A few years ago, soaring inflation forced us to rethink how to protect our money. In Spain, we reached peaks of 6.8%, and European governments started talking about a fiscal measure that many of us are unaware of: deflating. But what exactly is deflating, and why should it matter to you as an investor?



Basically, deflating is an economic concept that means adjusting economic values by removing the effect of inflation to see the real growth. Imagine your salary increased by 5%, but inflation was also 5%. In nominal terms, you earned more, but in purchasing power, you stayed the same. That’s where deflating comes in: normalizing those numbers to compare apples to apples over time.

In the fiscal sector, deflating takes on another meaning. When we talk about deflating the personal income tax (IRPF), we mean adjusting the tax brackets according to inflation so you don’t end up paying more taxes just because your nominal salary increased. That is, if your salary rises due to inflation but not due to real productivity, you shouldn’t pay more taxes. Sounds logical, right?

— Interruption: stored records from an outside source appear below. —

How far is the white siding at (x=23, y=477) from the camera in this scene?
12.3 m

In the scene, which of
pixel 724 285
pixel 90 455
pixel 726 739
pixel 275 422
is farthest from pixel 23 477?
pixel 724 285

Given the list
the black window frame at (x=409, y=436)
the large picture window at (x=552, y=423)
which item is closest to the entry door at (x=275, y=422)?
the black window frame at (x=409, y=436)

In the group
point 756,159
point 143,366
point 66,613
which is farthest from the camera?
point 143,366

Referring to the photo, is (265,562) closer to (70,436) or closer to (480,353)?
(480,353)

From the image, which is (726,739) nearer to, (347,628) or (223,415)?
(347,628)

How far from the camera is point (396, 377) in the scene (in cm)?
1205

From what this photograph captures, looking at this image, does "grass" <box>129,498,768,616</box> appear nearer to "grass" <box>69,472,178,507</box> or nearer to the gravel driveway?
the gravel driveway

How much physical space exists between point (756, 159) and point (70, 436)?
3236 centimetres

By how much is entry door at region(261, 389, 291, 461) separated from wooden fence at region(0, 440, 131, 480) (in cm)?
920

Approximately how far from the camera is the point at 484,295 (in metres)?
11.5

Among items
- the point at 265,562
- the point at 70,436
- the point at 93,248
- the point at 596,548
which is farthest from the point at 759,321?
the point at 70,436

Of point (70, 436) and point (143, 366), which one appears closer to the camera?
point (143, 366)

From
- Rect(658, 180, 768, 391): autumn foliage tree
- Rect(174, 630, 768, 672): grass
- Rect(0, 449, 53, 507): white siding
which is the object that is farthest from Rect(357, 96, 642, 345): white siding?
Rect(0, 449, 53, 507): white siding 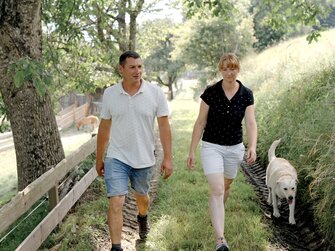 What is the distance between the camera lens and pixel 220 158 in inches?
177

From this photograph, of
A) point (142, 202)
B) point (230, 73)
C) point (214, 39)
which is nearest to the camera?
point (230, 73)

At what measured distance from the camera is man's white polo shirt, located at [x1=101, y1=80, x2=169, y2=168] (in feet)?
13.7

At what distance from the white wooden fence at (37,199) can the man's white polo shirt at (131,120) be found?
0.81 m

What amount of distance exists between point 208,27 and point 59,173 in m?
24.5

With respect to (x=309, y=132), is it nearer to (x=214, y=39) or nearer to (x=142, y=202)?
(x=142, y=202)

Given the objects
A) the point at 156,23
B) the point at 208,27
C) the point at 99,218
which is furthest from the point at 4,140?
the point at 99,218

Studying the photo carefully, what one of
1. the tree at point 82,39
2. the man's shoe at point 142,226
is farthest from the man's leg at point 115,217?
the tree at point 82,39

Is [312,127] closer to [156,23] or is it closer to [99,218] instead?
[99,218]

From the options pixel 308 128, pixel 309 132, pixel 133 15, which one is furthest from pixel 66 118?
pixel 309 132

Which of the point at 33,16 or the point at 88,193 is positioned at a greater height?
the point at 33,16

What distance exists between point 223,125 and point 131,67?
120 cm

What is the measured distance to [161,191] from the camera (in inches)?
266

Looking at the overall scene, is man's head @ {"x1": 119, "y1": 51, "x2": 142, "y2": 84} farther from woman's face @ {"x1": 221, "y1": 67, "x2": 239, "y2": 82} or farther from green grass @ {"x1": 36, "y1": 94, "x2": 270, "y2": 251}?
green grass @ {"x1": 36, "y1": 94, "x2": 270, "y2": 251}

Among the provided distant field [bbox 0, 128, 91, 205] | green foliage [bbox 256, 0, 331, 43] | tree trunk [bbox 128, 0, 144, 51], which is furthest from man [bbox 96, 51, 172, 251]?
tree trunk [bbox 128, 0, 144, 51]
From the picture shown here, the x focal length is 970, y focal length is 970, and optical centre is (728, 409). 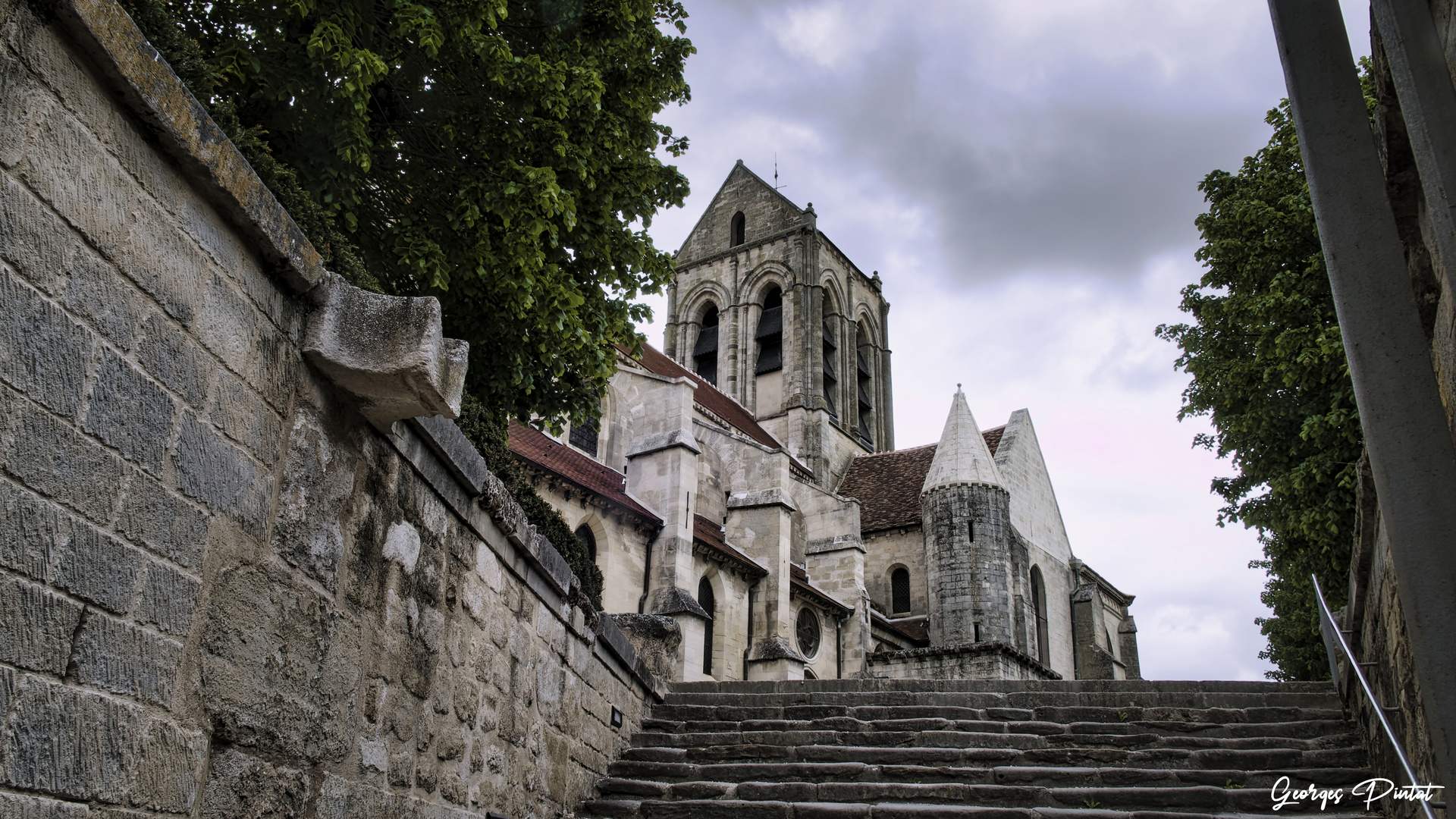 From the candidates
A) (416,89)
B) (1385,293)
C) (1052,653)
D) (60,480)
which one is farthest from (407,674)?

The thing is, many countries already do this. The United States deflates annually, as do France and Nordic countries. Germany every two years. In Spain, it hasn’t even been done nationwide since 2008, although some autonomous communities have recently implemented it.

Now, what does this mean for your investments? If the IRPF were properly deflated, you would have more money available to invest. That sounds good in theory, but here’s the interesting part: the real benefits for an average person are modest. We’re talking about savings of a few hundred euros a year, not revolutionary changes.

That said, the inflationary context does affect how you should invest. During periods of high inflation, certain assets perform better. Gold has historically maintained value when the currency depreciates. Shares of energy companies or basic goods tend to resist better. Government bonds lose appeal because their fixed yield erodes with inflation.

Diversification is key. You can’t bet everything on a single type of asset when inflation is at play. You need a mix: something that grows with prices, something defensive, something with long-term potential. And yes, you have to consider taxes in your calculations of real returns.

The conclusion is that understanding what deflating is and how it works helps you see beyond nominal numbers. It allows you to identify whether you’re truly making money or just keeping pace with inflation. And that’s essential for making smart investment decisions in any economic context.